» **About this exercise**: Your reply should reproduce all the data below exactly while excluding the pictures.

» **Supplied material**:
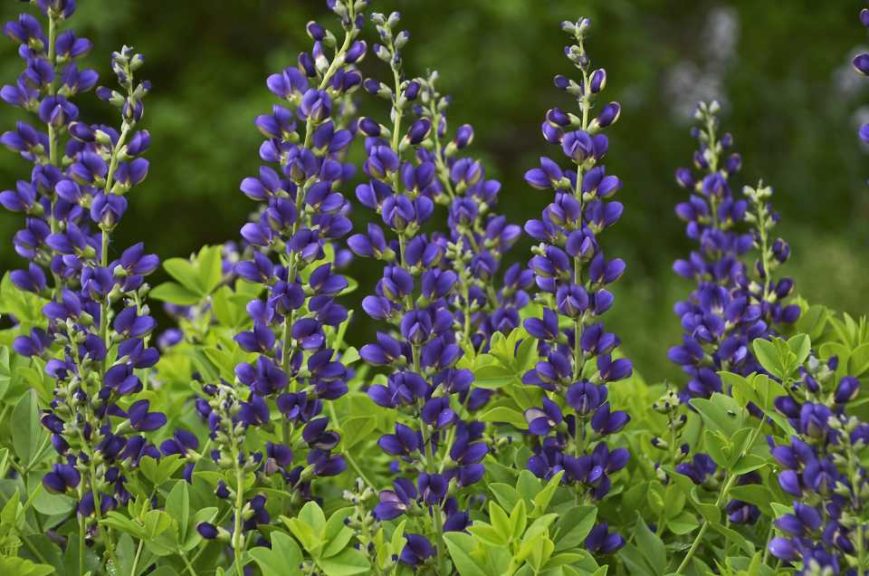 Baptisia 'Decadence Sparkling Sapphires' (Walters Gardens)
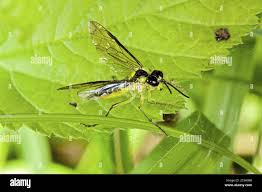 Attēlu rezultāti vaicājumam “Tenthredo campestris female”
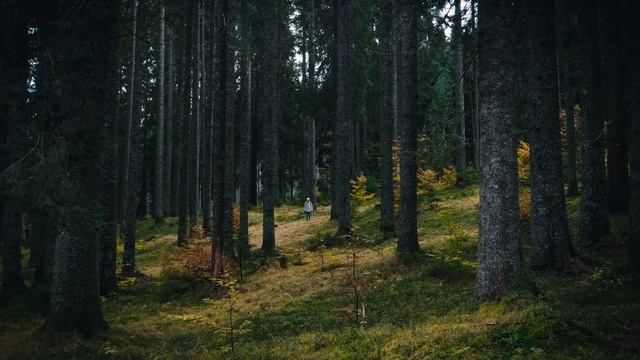 Colorist Reel 2022 - Graham Hunt / Graded in DaVinci Resolve смотреть онлайн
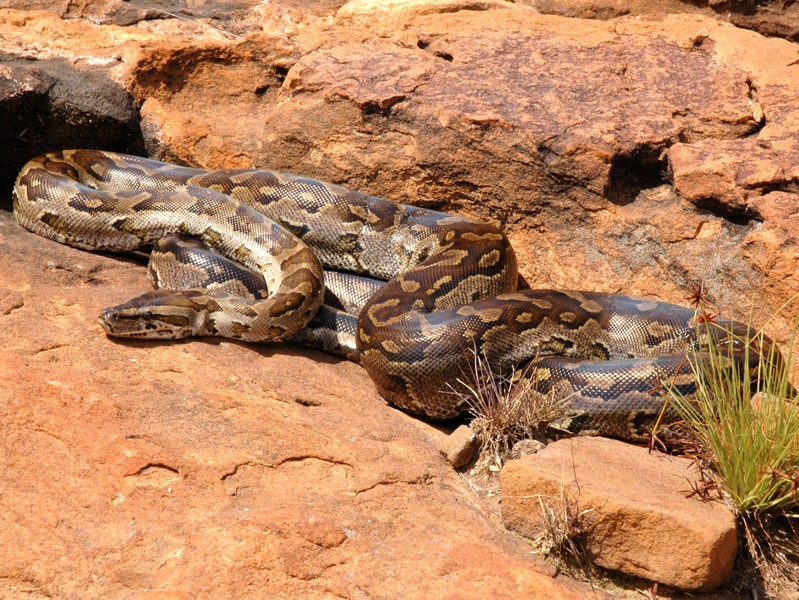 10. Trăn đá Trung Phi (5m). Trăn đá Trung Phi (Python sebae) là  loài rắn lớn nhất châu Phi. Nó có khả năng thích nghi cao và được tìm thấy trên khắp châu Phi cận Sahara, nơi nó sinh sống cân bằng trong các môi trường sống thảo nguyên, rừng và sa mạc. Những con trăn này dài trung bình khoảng 3 đến 5m.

» **Response to the exercise**:
 Baptisia 'Decadence Sparkling Sapphires' (Walters Gardens)
 Attēlu rezultāti vaicājumam “Tenthredo campestris female”
 Colorist Reel 2022 - Graham Hunt / Graded in DaVinci Resolve смотреть онлайн
 10. Trăn đá Trung Phi (5m). Trăn đá Trung Phi (Python sebae) là  loài rắn lớn nhất châu Phi. Nó có khả năng thích nghi cao và được tìm thấy trên khắp châu Phi cận Sahara, nơi nó sinh sống cân bằng trong các môi trường sống thảo nguyên, rừng và sa mạc. Những con trăn này dài trung bình khoảng 3 đến 5m.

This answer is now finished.